Exercise goal
Copy the entries that appear below in full, leaving out any picture among them.

Data for the task

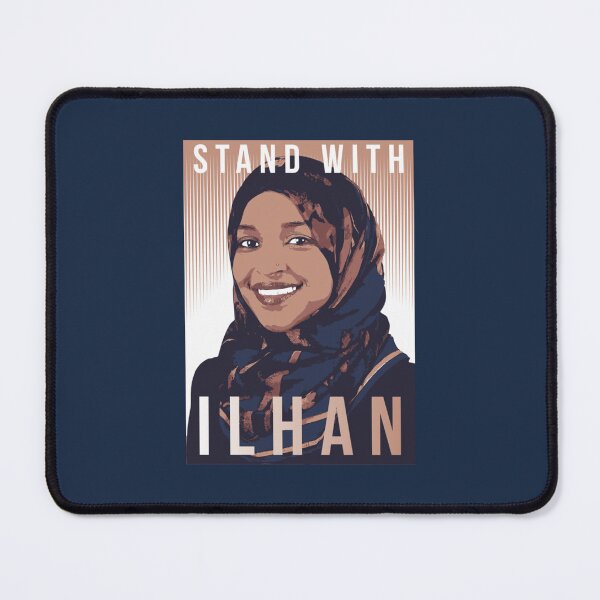 Item preview, Stand With Ilhan Omar designed and sold by BinhKhiemshop.
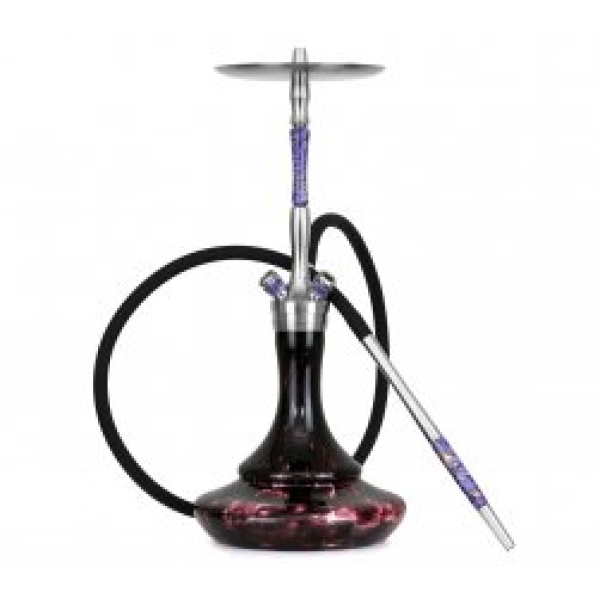 Кальян Union Hookah Fibonacci Акрил Синий  в Хабаровске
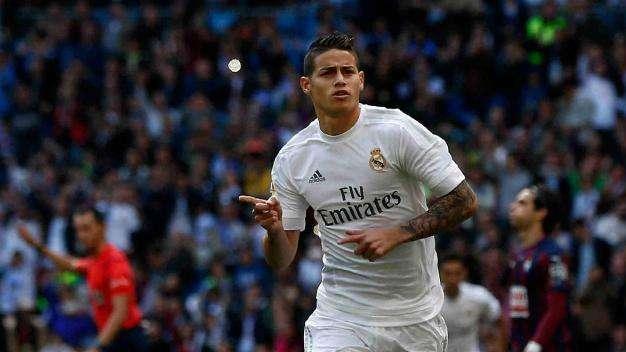 James se queda, Zidane lo confirma
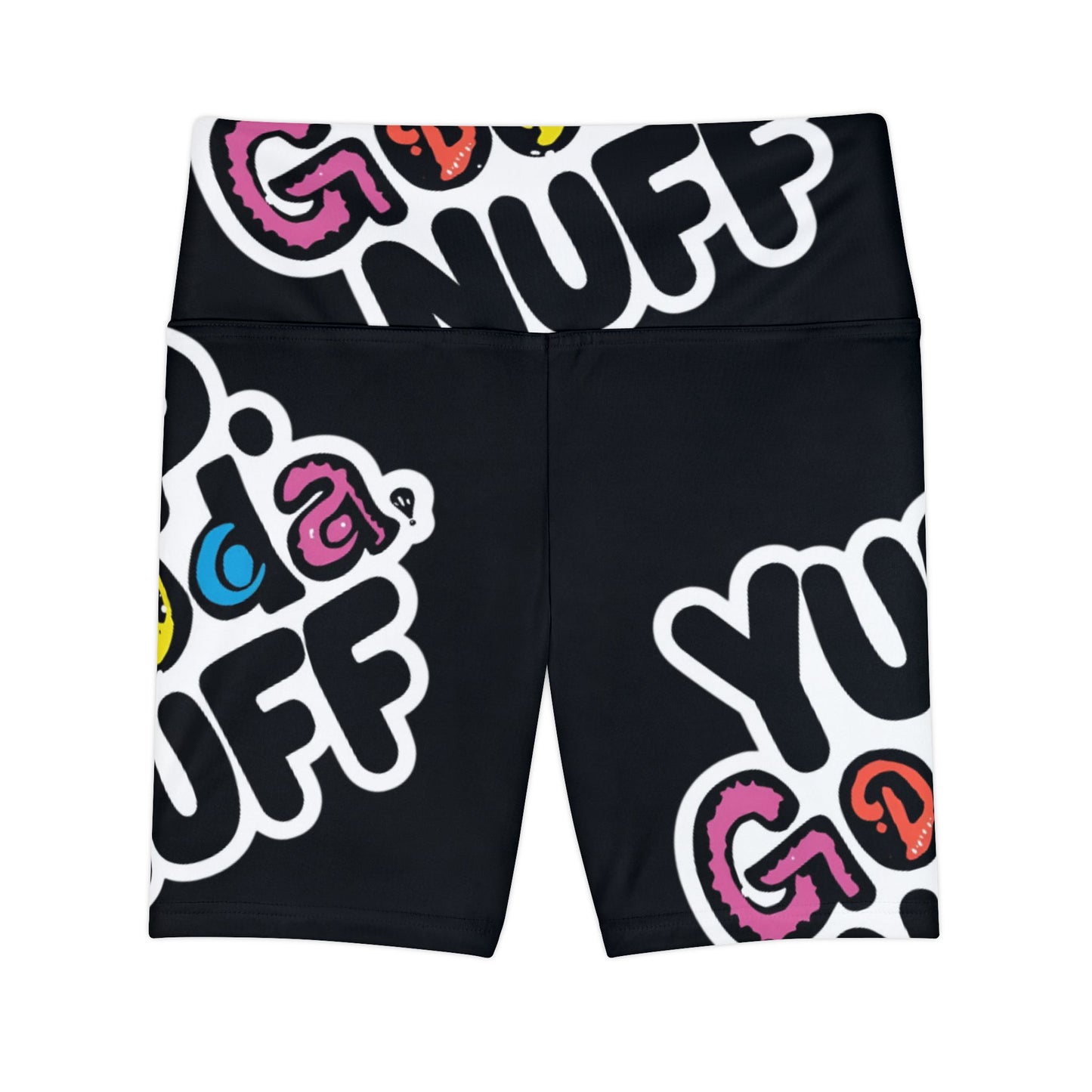 Yup, GoodaNuff High Waist Biker Shorts
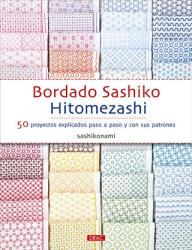 Bordado sashiko hitomezashi - SASHIKONAMI (2024)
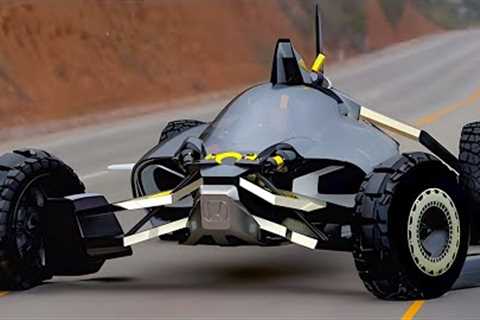 INCREDIBLE VEHICLES THAT ARE CAPABLE OF MORE THAN IT SEEMS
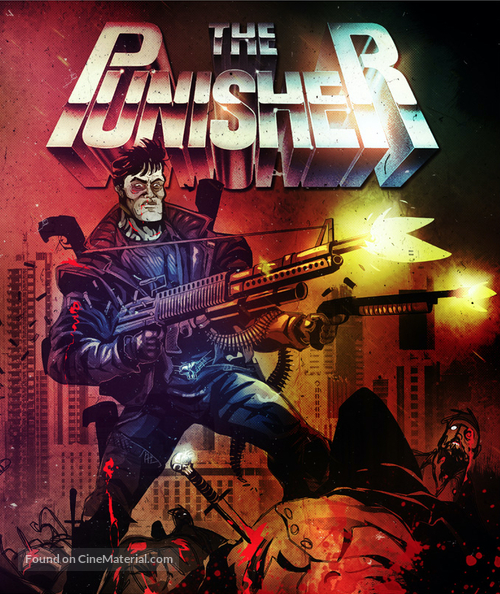 The Punisher - Australian Movie Cover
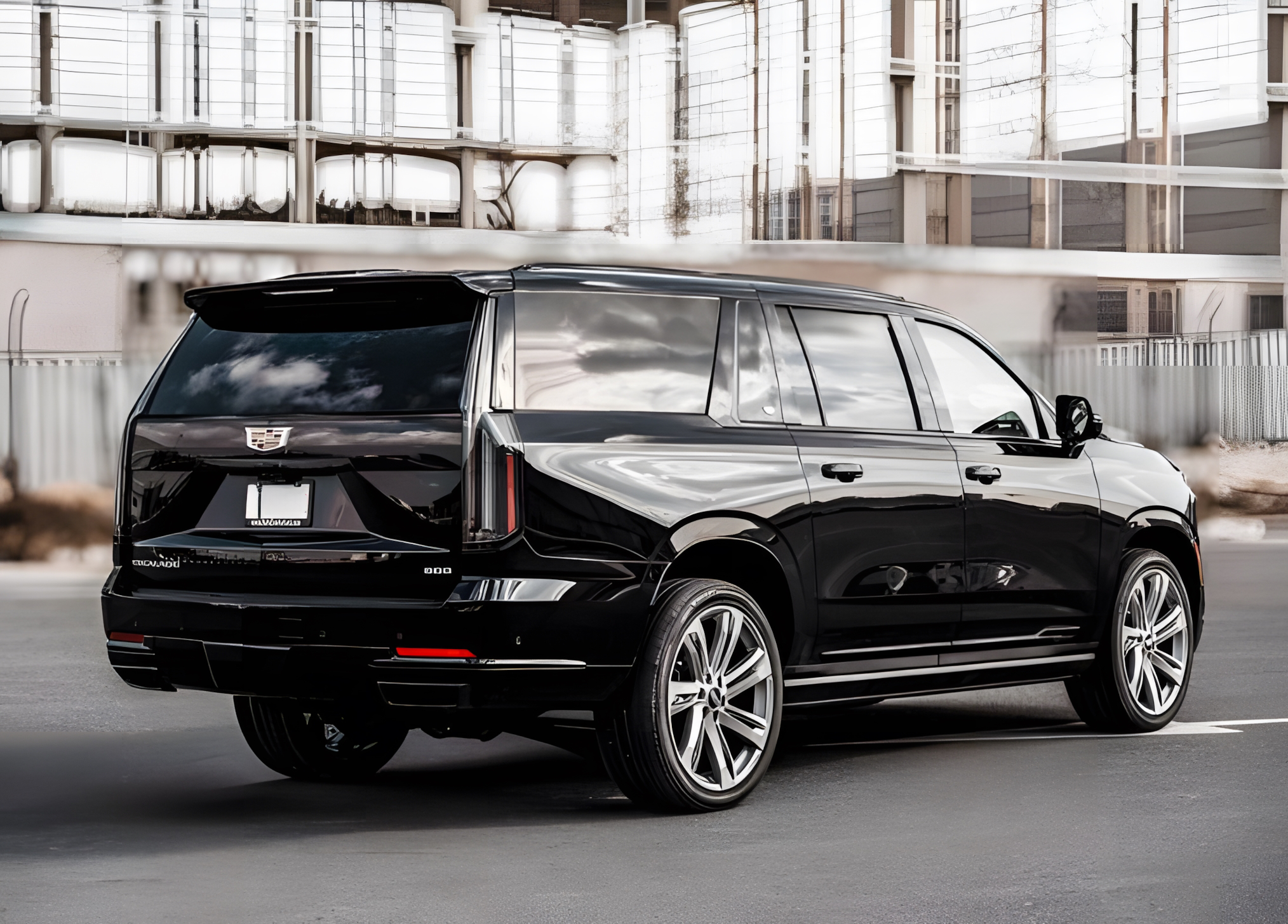 2025 Cadillac Escalade ESV Sport Platinum - Image 12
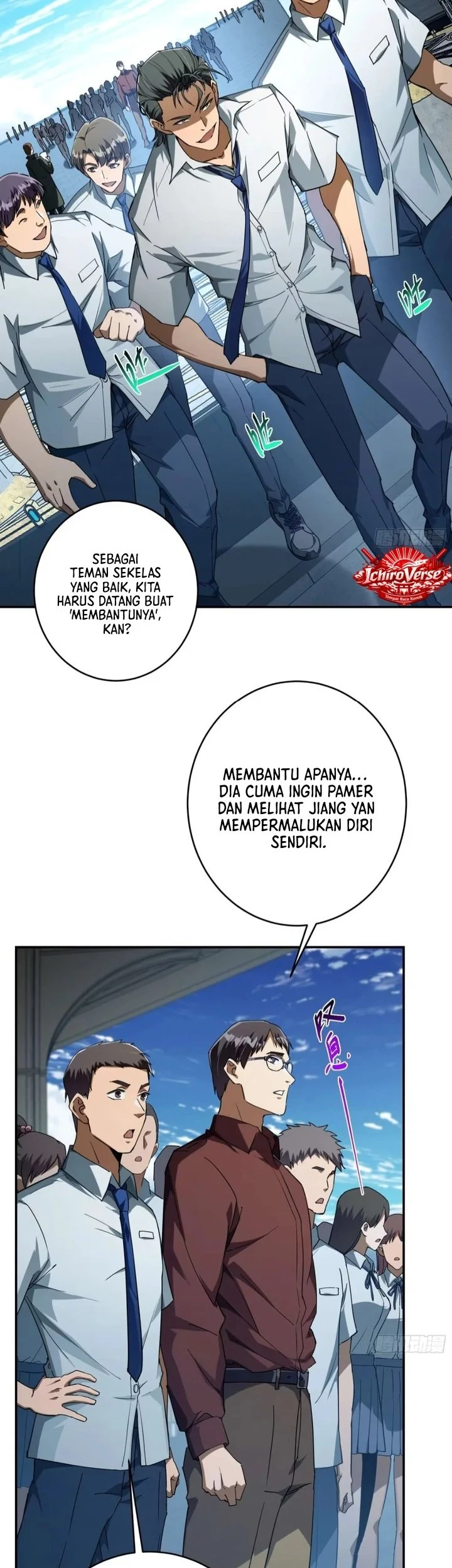 I Turn Skills Into Broken Ones With a Single Word Chapter 2 - halaman 5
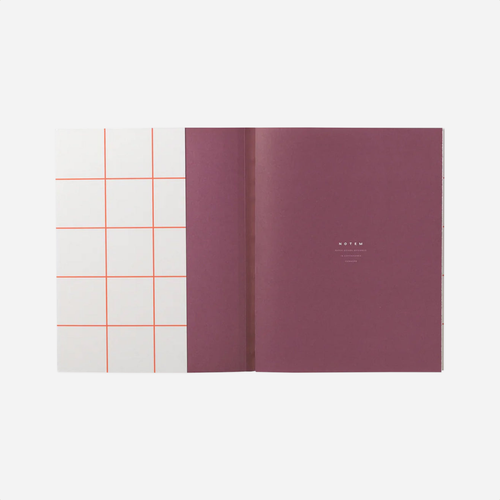 Užrašinė. UMA Notebook Large [Light Gray]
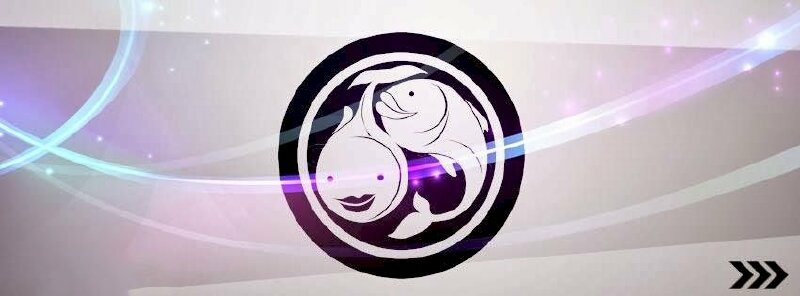 Ảnh bìa song ngư dễ thương hài hước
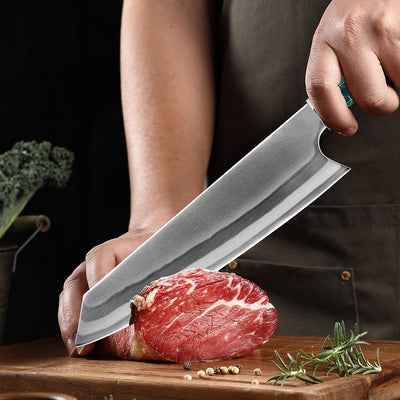 "Haru" Collection - Premium High Carbon Steel 8' Kiritsuke Knife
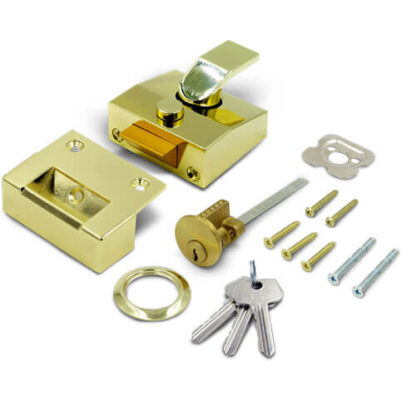 TSS 6 Pin Modern Non Deadlocking Nightlatch 40mm - Image 8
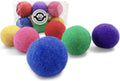 Wool Cat Balls, 6 PCS
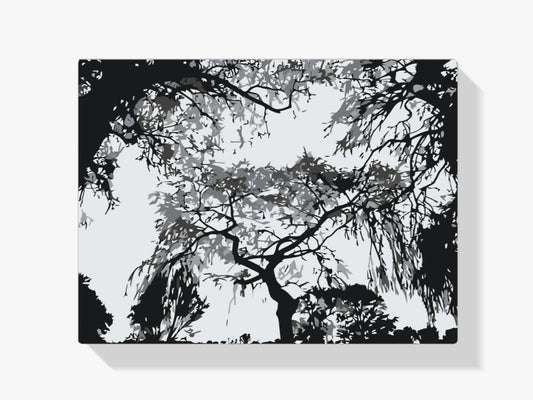 Diamantmalerei - Baumsilhouette - SEOS Shop ®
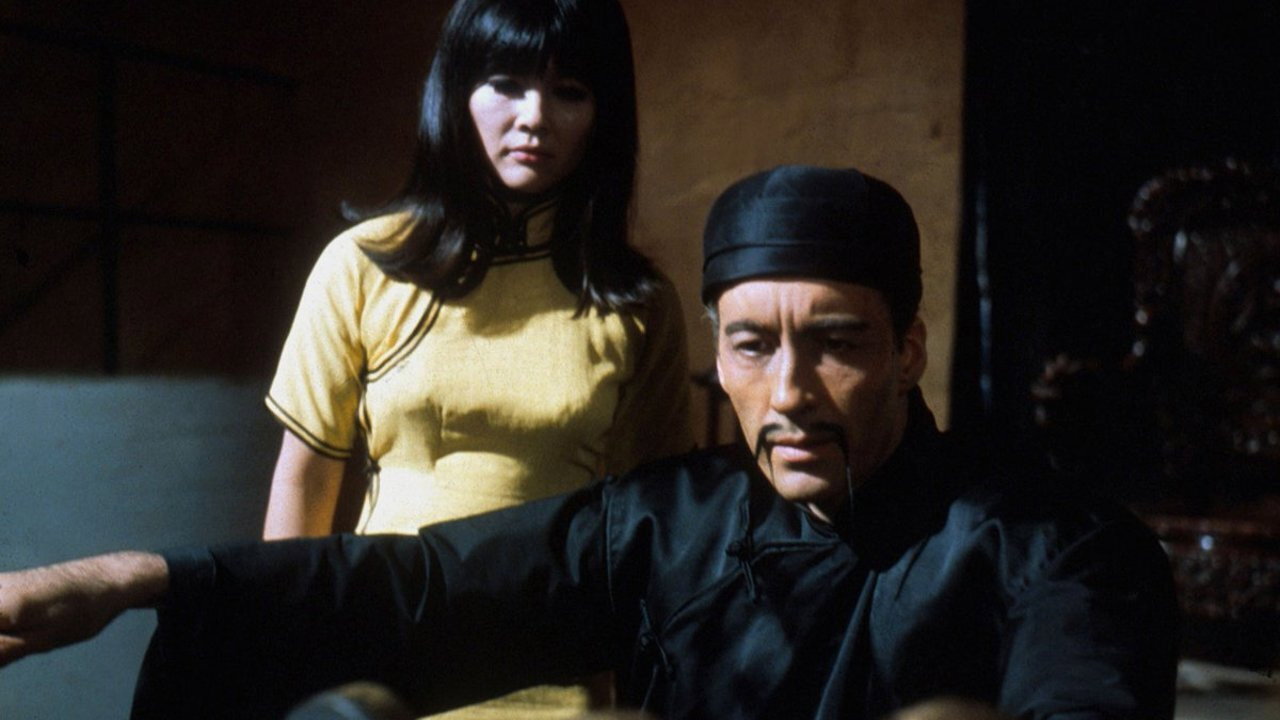 The Brides of Fu Manchu scene photo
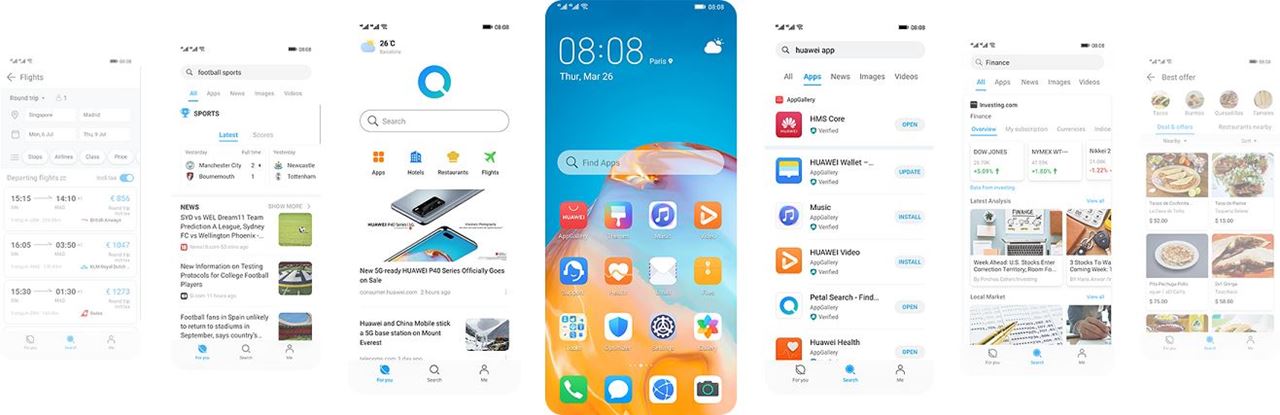 تطبيق بحث Petal Search... منصة التطبيقات الجديدة التي تتكامل مع HUAWEI AppGallery وتتيح الوصول إلى مليون تطبيق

Answer
 Item preview, Stand With Ilhan Omar designed and sold by BinhKhiemshop.
 Кальян Union Hookah Fibonacci Акрил Синий  в Хабаровске
 James se queda, Zidane lo confirma
 Yup, GoodaNuff High Waist Biker Shorts
 Bordado sashiko hitomezashi - SASHIKONAMI (2024)
 INCREDIBLE VEHICLES THAT ARE CAPABLE OF MORE THAN IT SEEMS
 The Punisher - Australian Movie Cover
 2025 Cadillac Escalade ESV Sport Platinum - Image 12
 I Turn Skills Into Broken Ones With a Single Word Chapter 2 - halaman 5
 Užrašinė. UMA Notebook Large [Light Gray]
 Ảnh bìa song ngư dễ thương hài hước
 "Haru" Collection - Premium High Carbon Steel 8' Kiritsuke Knife
 TSS 6 Pin Modern Non Deadlocking Nightlatch 40mm - Image 8
 Wool Cat Balls, 6 PCS
 Diamantmalerei - Baumsilhouette - SEOS Shop ®
 The Brides of Fu Manchu scene photo
 تطبيق بحث Petal Search... منصة التطبيقات الجديدة التي تتكامل مع HUAWEI AppGallery وتتيح الوصول إلى مليون تطبيق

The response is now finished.